Introduction
Most of us can agree that education can be a step in shaping the lifestyle of an individual. But you can be either one degree away from a high paying job or in great student loan debt with a job that barely helps you meet the needs. I am curious to understand how the major of the degree shapes the opportunities of an individual. In the analysis below I will tackle some general questions to get a general idea on the data and perform inference statistics to understand the returns of college majors and if you should invest or pass. In general, I am going to assume that the student is open to any major.
The research questions!
What major should a student planning to pursue a graduate degree in the United Sates of America choose, in order to make the most out of the investment in earnings.
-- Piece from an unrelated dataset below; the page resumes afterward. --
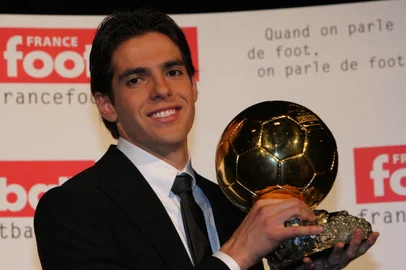 FBL-FRA-EUR-AWARD-KAKAAC Milan's Brazilian midfielder Kaka poses with his trophy after being awarded as France Football's Player of the Year winning the prestigious Ballon d'Or award, 02 December 2007 in Boulogne-Billancourt outside Paris. Born under the name of Ricardo Izecson dos Santos Leite, he succeeds Italy's World Cup winning captain and defender Fabio Cannavaro and comes two years after the last Brazilian winner of the trophy, Barcelona's Ronaldinho. The 25-year-old Kaka notably played a starring role in AC Milan's triumphant Champions League campaign scoring 10 goals and setting up the winner for Filippo Inzaghi in the final against Liverpool. AFP PHOTO PIERRE VERDY (Photo by PIERRE VERDY / AFP)Editoria: SPOLocal: Boulogne-BillancourtIndexador: PIERRE VERDYSecao: soccerFonte: AFP<!-- NICAID(15628220) -->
Does the gender of a student have any influence on the major the student would pursue and the how do their earnings look.
Why do I care?
I remember contacting several seniors who had pursued a graduate degree and asking them if the degree was worth it financially, Lucky I mostly got positive feedback and went ahead. But it might not be the same for all majors. I want to analyse the opportunities across all majors and how they differ from that of mine. This could help someone make an educated call on, if they want to go ahead with idea of pursuing a graduate degree of a particular major.
Why should others care?
Pursuing a degree is a huge commitment and often involves hefty investment of time and money. Which could in some cases involve leaving the current job and taking student loan. Thus it is crucial to analyse what opportunities the degree could offer financially post completion.
Data
Data source:
“College majors” data is from American Community Survey 2010-2012 Public Use Microdata Series. The data contains 5 files segregated based on level of education and age. In this analysis I will be using the two files namely majors-list and recent-grads.
The other data “Science_and_Engineering_through_years” is of estimated total number of students taking Science and Engineering Major over the years 2010 through 2019 from the American Community Survey Public Use Microdata Series as well.
College majors data:
majors-list.csv:
- List of majors with their FOD1P codes and major categories.
recent-grads.csv:
- File contains the basic earnings and labor force information and detailed breakdown, including by sex and by the type of job recent graduates got (ages <28).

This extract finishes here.